Well, it completely forgets the word "żadne", although of course the meaning is more or less the same...


But the fact there is a blue apple: D


I am just curious to understand how is żadny a demonstrative in Polish? Is it because of the double negative? I thought żadny was (indefinite) pronoun. Can anyone help?


Actually "żadny" isn't a correct form, although it seems like a perfectly logical one. "żaden" is used instead.

No, it's not a demonstrative pronoun at all. Frankly, It's a negative pronoun (no idea if that's correct terminology in English).

This skill is called "Determiners", but it covers a lot more.


So how do you translate the English double negative into Polish? It has a distinct meaning from positive sentences, but is that all there can be in Polish to translate an English double negative? Just a positive sentence?

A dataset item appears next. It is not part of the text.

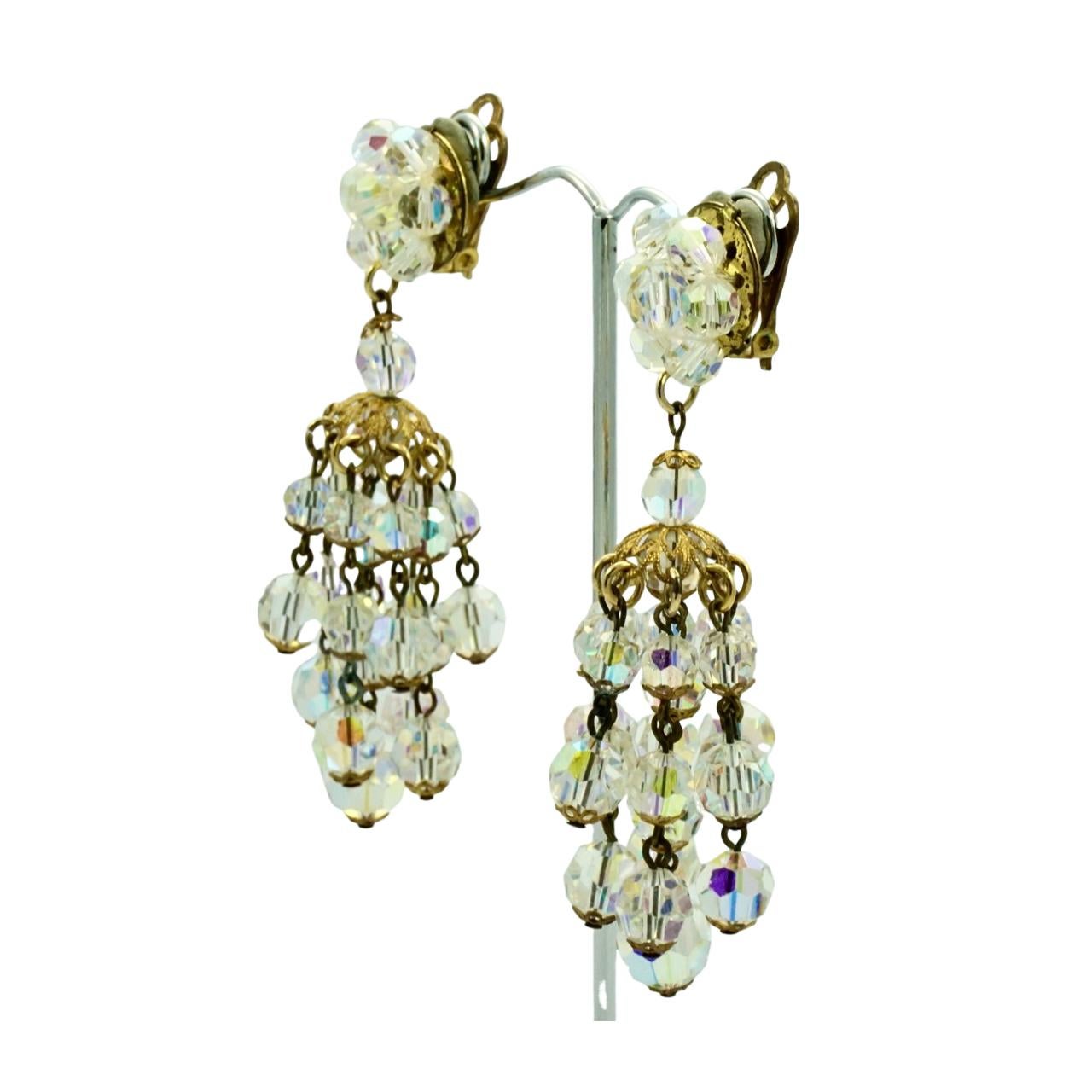Fabulous gold plated chandelier clip on earrings, featuring nine strands of faceted aurora borealis beads. Each bead is finished with a filligree cap. Measuring length 7.9 cm / 3.1 inches. There is wear to the gold plating. The tops have been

Well, we'd need to consider specific examples. If that's something like "We don't need no education" or "I don't need no man", then putting aside what we think about the grammar there, the meaning is the same as with a single negative, so it translates simply to "Nie potrzebujemy edukacji"/"Nie potrzebuję mężczyzny", which are definitely negative sentences.

I believe you mean some other kinds of sentences, but I'd need to see an example.


How would I say ' not all apples are blue'?


"Nie wszystkie jabłka są niebieskie."